If you've placed "it" in IB, then that view is being created for you when your storyboard is loaded. You're also creating a second ColorWheelView in viewDidLoad, at a fixed position, large enough to cover the whole screen, on top of whatever other views already exist, including the ColorWheelView from your storyboard.


If your intention is to have your "colorWheel" instance property refer to the ColorWheelView in your storyboard, then you need to make it an outlet:


class FirstViewController: UIViewController {
  @IBOutlet var colorWheel: ColorWheelView! // nil until view is loaded, therefore must be some kind of optional


and then in IB, connect the view controller's "colorWheel" outlet to the ColorWheelView you put in the storyboard.
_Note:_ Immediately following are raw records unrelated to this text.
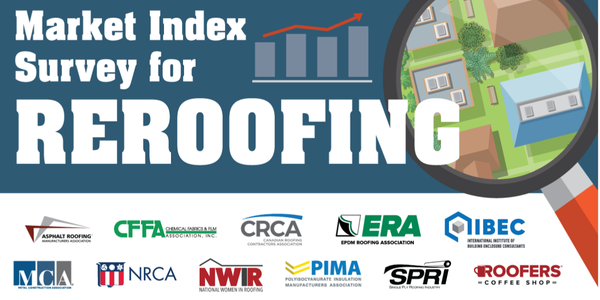 NRCA encourages roofing professionals to complete latest Quarterly Market Index Survey for Reroofing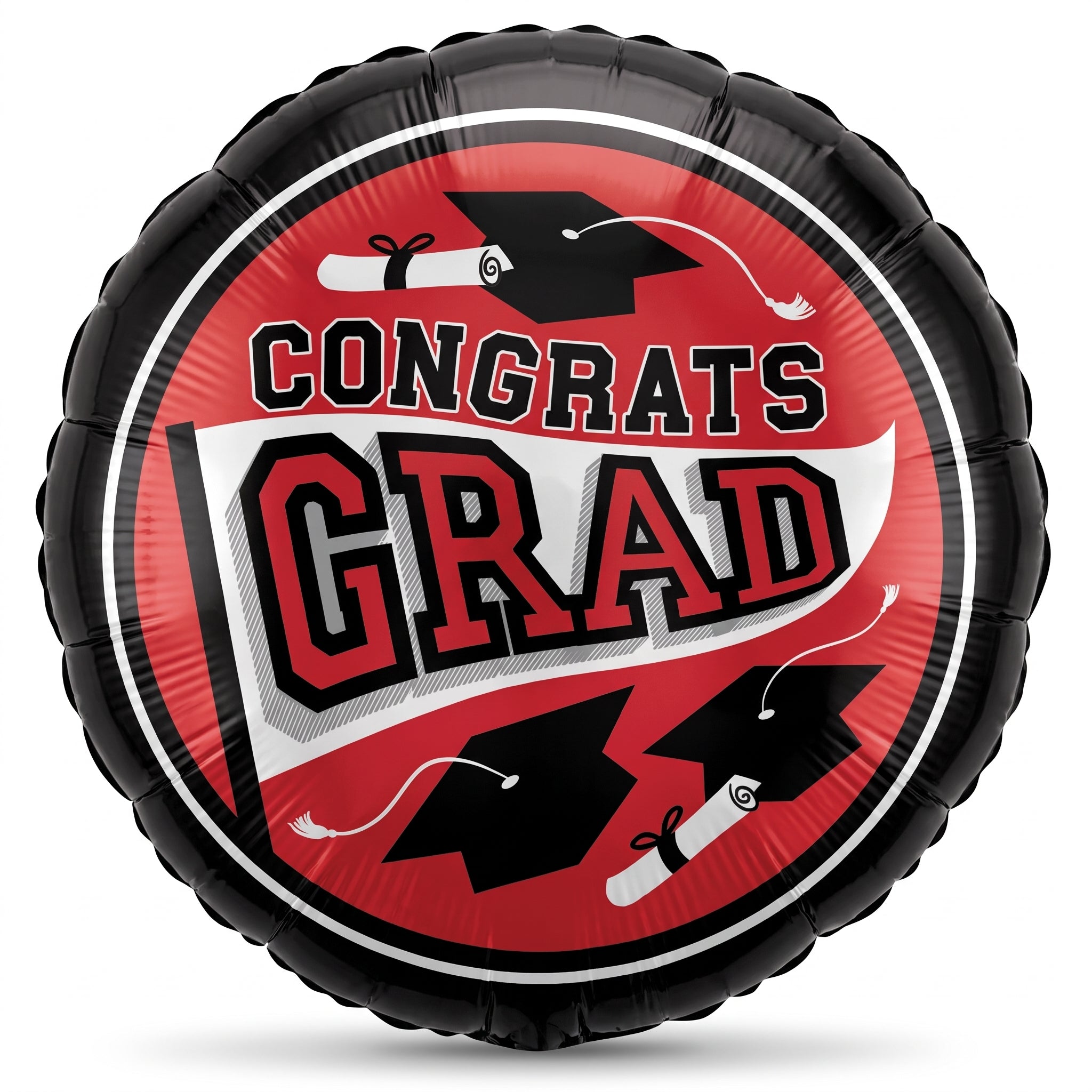 "Be True School Colors Graduation Foil Balloon"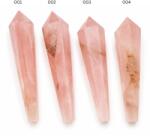 Bagheta Cuart Roz 18-23x4-5x4 cm 1 Varf Slefuit pentru Meditatie 1 Buc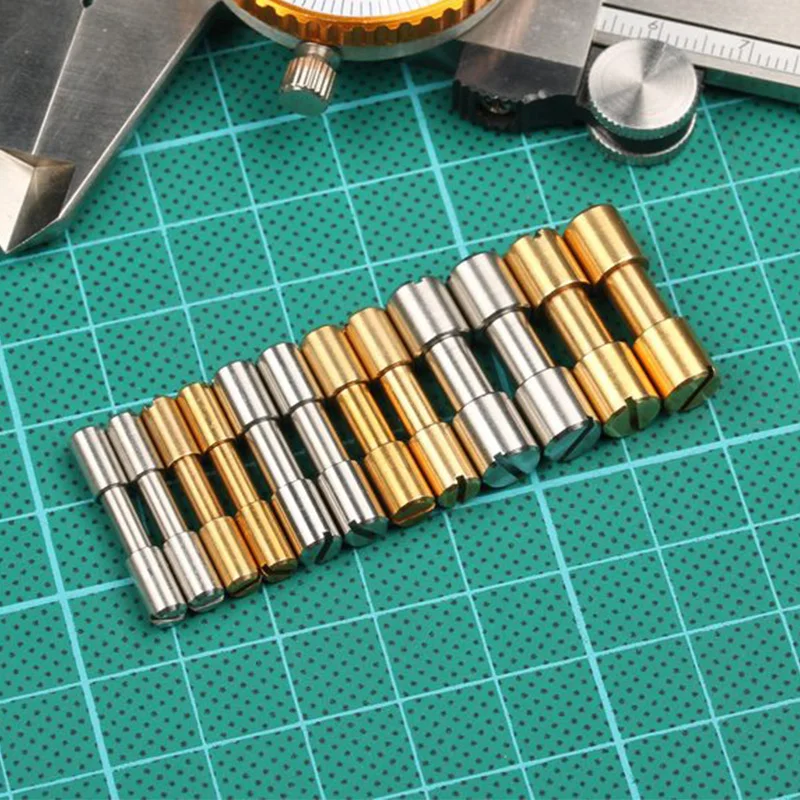 4 шт. латунь/Нержавеющая сталь Diy нож с потайной головкой заклепки винт поперек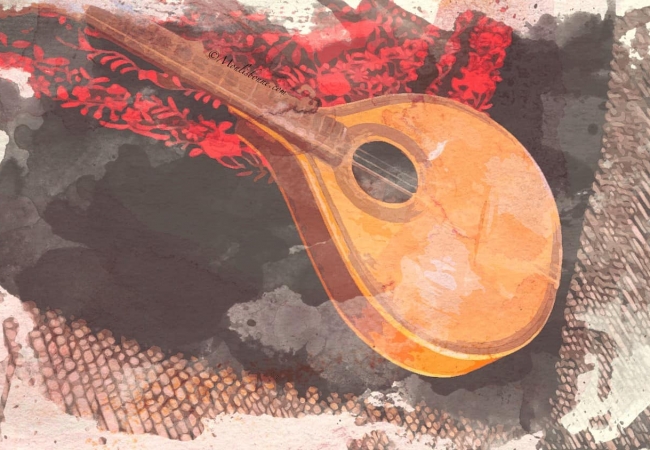 Guitare portugaise célèbre pour son son aigu et accompagne toujours un vrai chant de fado
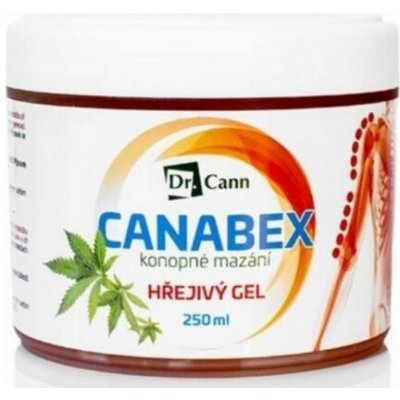 Dr.Cann Canabex konopné mazání hřejivý gel 250 ml – Hledejceny.cz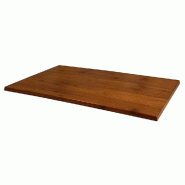 Plateau rectangulaire de table extérieur Werzalit 110x70cm décor pin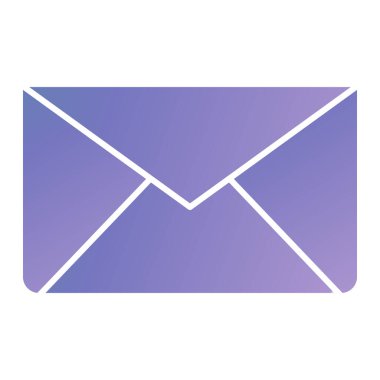 zarf simgesi vektör illüstrasyonu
I don't do this, it thought it would be easy to show what is going on when I do it in code. I do not do anything in the storyboard. There is only one view, and it's just as strange to me.

The view is always at the top of the screen, changing the view properties has no effect.
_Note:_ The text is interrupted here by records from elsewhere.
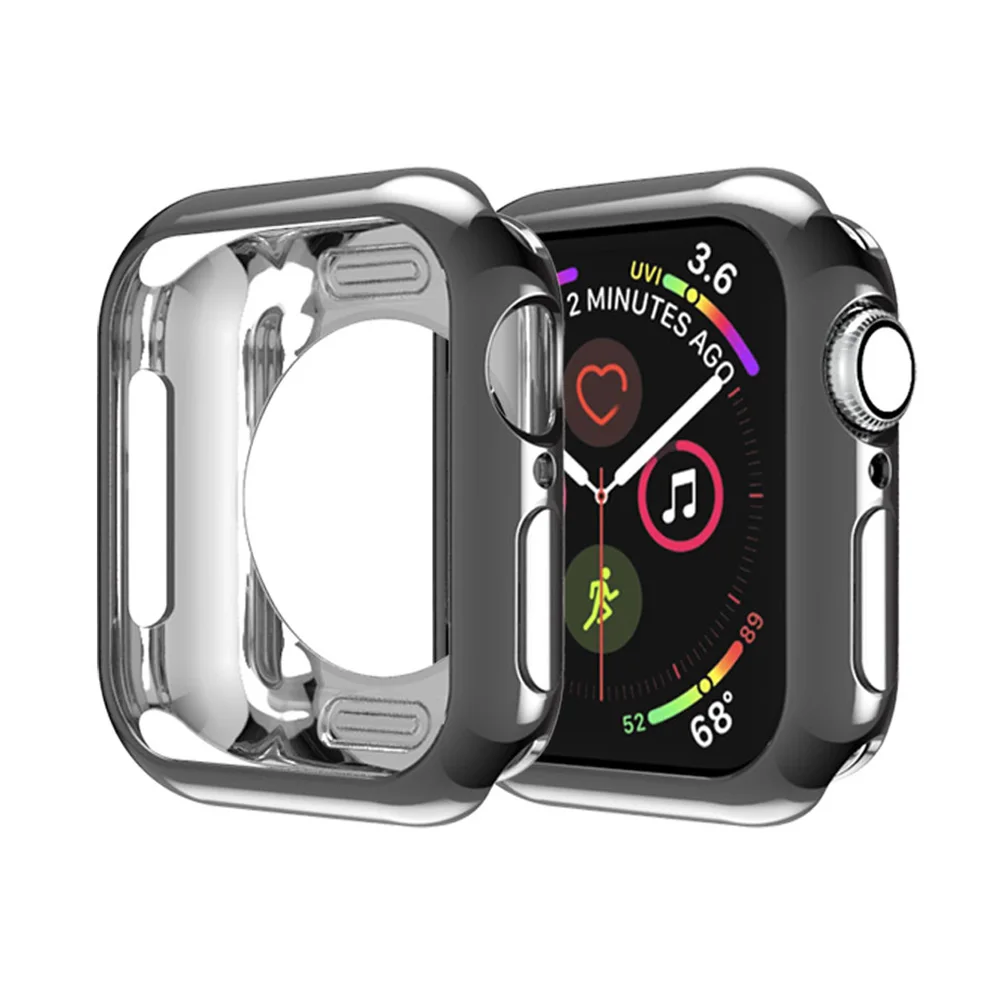 For apple watch screen protector case 40mm 44mm TPU cover for iwatch series 4 case for apple watch protective bumper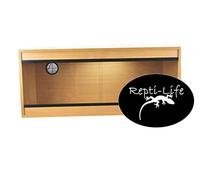 36x15x15 Inch Vivarium Flatpacked In Beech, 3ft Viv By Repti-life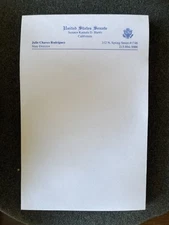 UNITED STATES SENATE SENATOR KAMALA HARRIS STATIONARY PAD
colorWheel.center = CGPoint(x: UIScreen.main.bounds.width / 2, y: UIScreen.main.bounds.height / 2)

You're flailing around here. (That's not an insult. It's a path we all go down sometimes when we hit a frustrating problem.) If you want a helpful answer, you have to bring the problem you actually have, not a different problem caused by unrelated code you added.


Back to the basics:


— What do you have in the storyboard? It sounds like you have a scene for the FirstViewController, which has a root view of type UIView? And a subview of type ColorWheelView? And you specified the correct type for the subview in IB? And you're trying to position the subview relative to the root view? How? What autolayout constraints are you using?


— Does your real FirstViewController class definition have a "colorWheel" property? How is it declared and what is it initialized to? Are you expecting to move this subview around in code (aside from anything you might be doing to debug the problem)?
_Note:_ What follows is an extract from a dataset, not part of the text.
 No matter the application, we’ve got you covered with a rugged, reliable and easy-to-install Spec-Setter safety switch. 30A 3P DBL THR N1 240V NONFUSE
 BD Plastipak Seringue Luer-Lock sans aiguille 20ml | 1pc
I think the real problem is I'm failing to descibe what my problem is, but I try it again.

I want my ColorWheelView centered on the screen, and I tried to do this first in the storyboard and after that I tried the same but only with code.

But both ways didn't work out. So I'm puzzled and have no idea what I'm doing wrong.

>> I want my ColorWheelView centered on the screen, and I tried to do this first in the storyboard


OK, what exactly did you try?


The easiest way is to add layout constraints to the view to center it horizontally and vertically in the superview.